Code in step5() (Listing Seven) is divided in two similar portions. The first portion processes vertices owned by the local SPE, which are ready immediately because they did not need to be transferred in the all-to-all exchange. The second portion processes each incoming Qin after waiting for the associated sentinel. Since it takes more time to process a Qin (4.10 microseconds) than to transfer it (1.19 microseconds), and the first Qin does not need to be transferred, the actual total time spent waiting for sentinels is zero.
As for optimizations, we inlined functions and unrolled the loops. Both optimizations reduce branch penalties and create larger basic blocks. With larger basic blocks, the compiler can schedule the instructions more efficiently, decreasing stalls and increasing the dual issue rate.

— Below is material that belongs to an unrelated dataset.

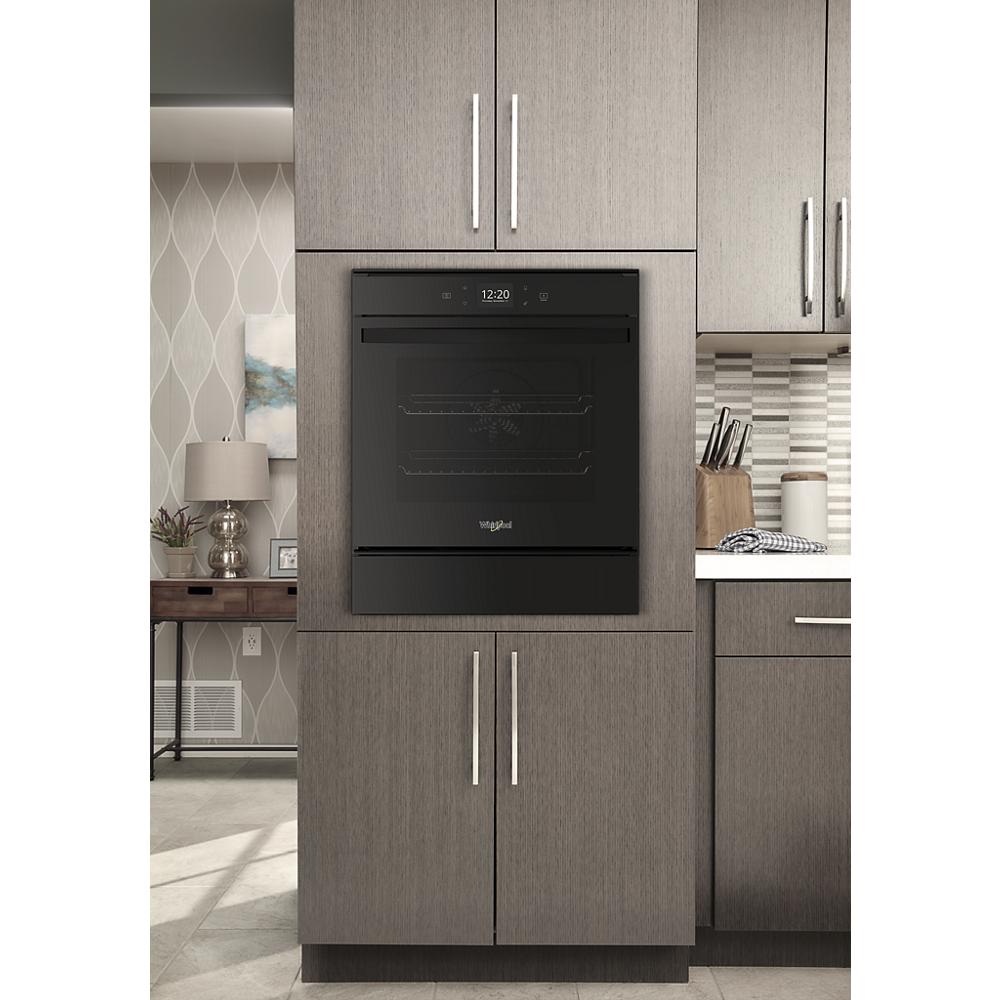 Built-in black convection wall oven integrated into modern gray kitchen cabinets in home improvement setting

We employ 128-bit loads and SIMD operations (the spu_xxx intrinsics in Listing Seven) wherever it is convenient. This leads to better register exploitation and lower CPI. We also issue four loads per iteration with "offset pointers"; that is, a base pointer plus a small literal offset. These are compiled as load instructions in the "d-form," which calculates the sum of a register and an immediate offset without the need for a separate address computation instruction.

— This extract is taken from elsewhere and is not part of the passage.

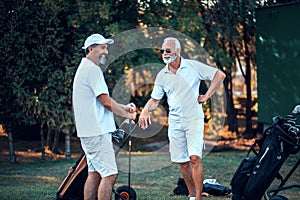 Older men stand on a golf course and talking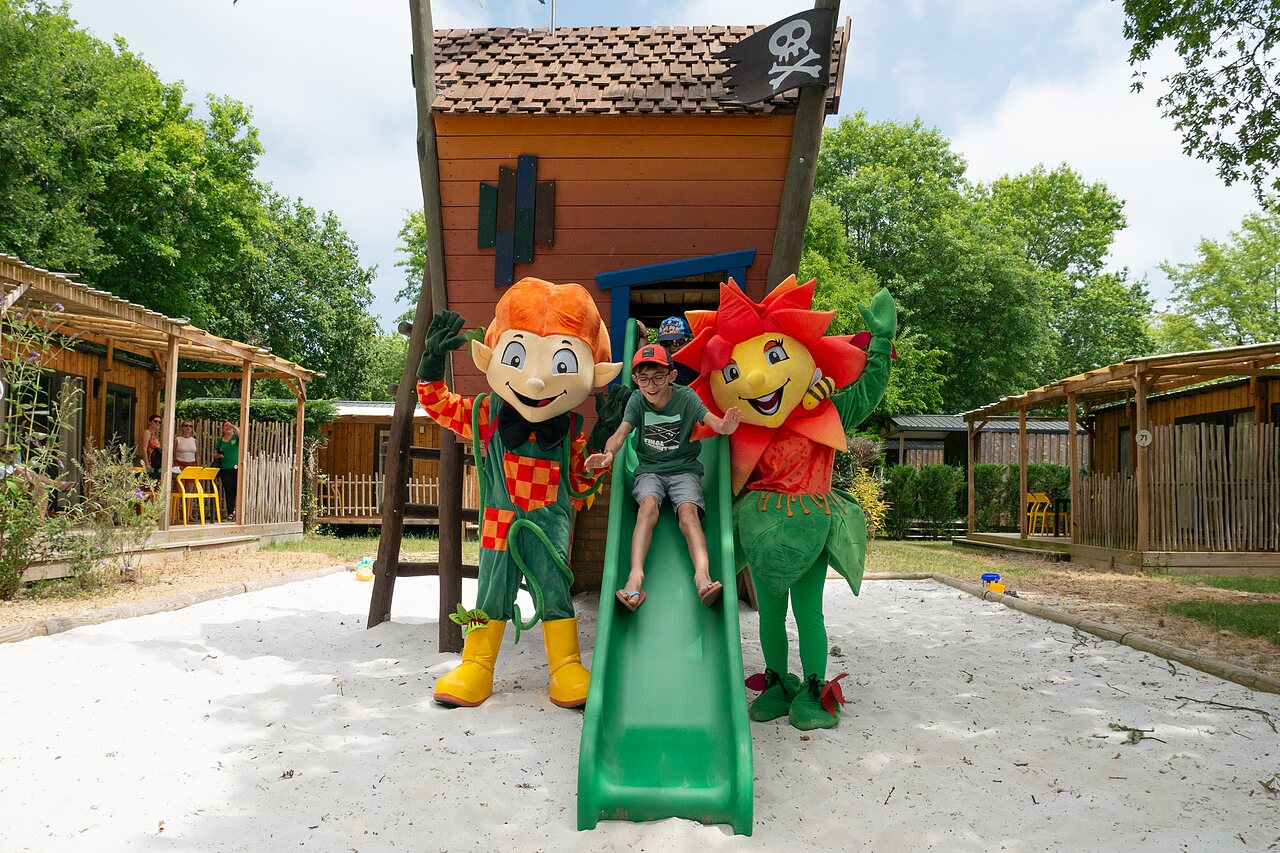 Kind op glijbaan, mascottes en speeltuin op camping CLICOCHIC Bimbo in BISCARROSSE (40).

We got rid of branches by using software speculation. Branches cost up to 24 cycles when predicted incorrectly. So, we set bits in the bitmap unconditionally, even when they were already set. This has no impact on the algorithm's veracity. And we queue vertex codes into Qnext even when they're not needed. Then, we advance the end pointer of the queue only if the vertex was actually added. This allows most of the code to proceed unconditionally.

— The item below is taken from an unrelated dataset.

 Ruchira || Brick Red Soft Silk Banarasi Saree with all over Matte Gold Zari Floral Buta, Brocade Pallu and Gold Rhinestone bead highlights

We use "restrict" pointers. Normally, a sequence of multiple loads causes stalls because the compiler does not try to schedule them concurrently. In fact, this would break the C pointer semantics if the loads alias. And bitmap load/stores are responsible for more than 30 percent of the time spent in this step. To improve performance, we declare as __restrict__ the pointers to values in the bitmap, guaranteeing that no aliasing takes place and allowing the four loads to proceed in parallel. And at graph generation, we shuffle adjacency lists appropriately so that they do not cause aliasing.
Conclusion
In short, the Cell offers an impressive potential for performance. However, due to its architecture and limited support offered by the compiler, you can't expect to exploit this potential by just recompiling your current applications. Applications must be radically redesigned in terms of computation and data transfers. Computational bottlenecks must often be analyzed and addressed manually, and data transfers must be properly orchestrated in order to hide their latency completely under the computational delays. This work has been supported by the Laboratory Directed Research and Development Program for the Data-Intensive Computing Initiative at Pacific Northwest National Laboratory, operated by Battelle for the U.S. Department of Energy under Contract DEAC0576RL01830.